Le football une nouvelle religion?


L'équipe de football d'un lycée catholique en 1891: le sport religion...


... [le peuple romain] qui distribuait autrefois pleins pouvoirs, faisceaux, légions, tout, maintenant se replie sur lui-même et ne s’inquiète plus que pour les deux choses qu’il souhaite : DU PAIN ET DES JEUX.
(Juvénal, Satires, 10, 78-81)
Léger malaise lorsque je dois justifier mon attachement au sport le plus pratiqué et regardé en France : le football. Ce n’est pas une raison pour éluder le sujet. L’origine de la balle au pied remonte à la nuit des temps, mais ce sont les Anglais qui ont mis en place les règles du jeu moderne. A quoi doit-on son succès populaire planétaire incontesté ? Probablement à la simplicité de la plupart de ses règles. Bon, je mets la balle en touche, pour ce qui concerne les lois du hors-jeu. L'équipement minimaliste que requière sa pratique est un argument supplémentaire : un objet variable non identifié dans lequel on puisse shooter sans se blesser et un espace de jeu au revêtement quasi quelconque. Même pas besoin d’avoir des chaussures, un short ou un maillot. Difficile de trouver un autre sport d'équipe pouvant rivaliser dans les domaines évoqués. Cela n’explique cependant pas tout de l’engouement dont ce sport fait l’objet. Omniprésence médiatique, standard de conversation mâle en société, activité dominicale régulière du grand nombre, foules massées dans les stades, hordes de supporteurs, vie sociale parfois tributaire des heures des grandes retransmissions, voire même, « dopage » économique en cas de victoires en finales des équipes nationales dans les grandes compétitions.

"Peut-être l'Occident est-il en avance d'une religion et ne le sait-il pas. ", Marc Augé concluait ainsi son article écrit à l'époque d'une nouvelle phase de développement des grands rituels modernes engendrés par le football.

La question vaut en effet la peine d’être posée. Liturgie, rituels, adoration quasi mystique des champions, scènes d’hystérie collective ou individuelles, habits sacerdotaux, bannières et oriflammes, sublimation des héros, tentative de représentation individuelle au travers d’officiants adulés vont dans ce sens. On retrouve même la sinistre association politico-religieuse avec les misérables tentatives de récupération de grands élus lors d’événements utiles à la pèche aux voix par ceux qui s’affichent au milieu de cohortes d’aficionados, de tifosi, ou de "footomaniaques".  Les psychologues apportent de l’eau à ce moulin.
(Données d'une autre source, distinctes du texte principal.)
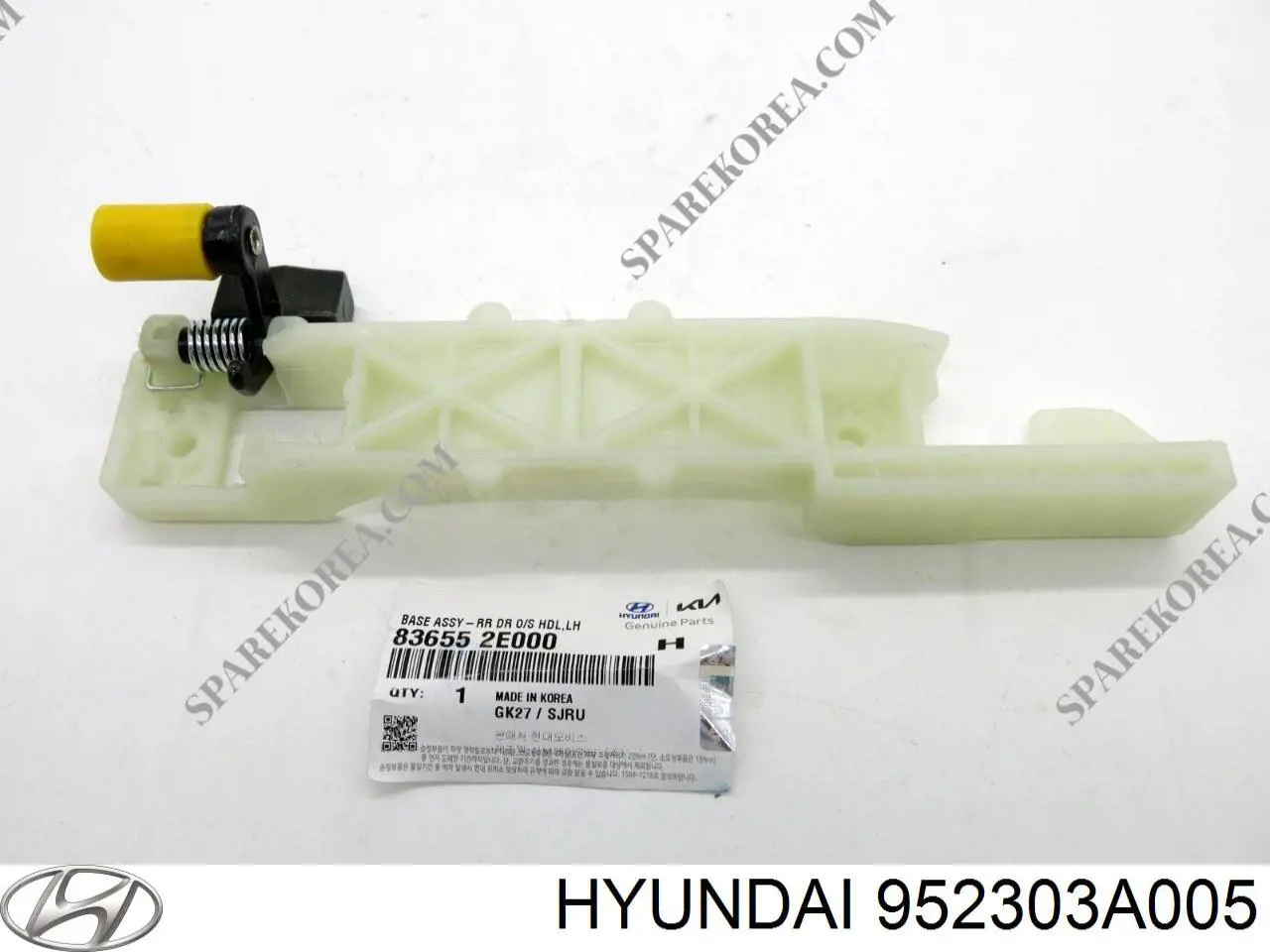  Hyundai/Kia 952303A005 ціна, від  USD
La victoire ou la défaite de l’équipe qu’on soutient moduleraient les humeurs des supporteurs. Le footballeur professionnel serait devenu le substitut du gladiateur romain. Les nouveaux empereurs - ou ces fous qui nous gouvernent, pour reprendre le titre du livre de Pascal de Sutter - n’offrent pas au peuple pizzas et bières, mais cautionnent les jeux de l'arène, sachant qu'ils peuvent éloigner un temps les électeurs des révoltes engendrées par leurs difficultés quotidiennes. Les fanatiques du ballon rond font de ce jeu un psychodrame (mais le jeu est en lui-même un petit psychodrame) réactivant leurs tensions individuelles et leurs rapports éthologiques au sein de la meute.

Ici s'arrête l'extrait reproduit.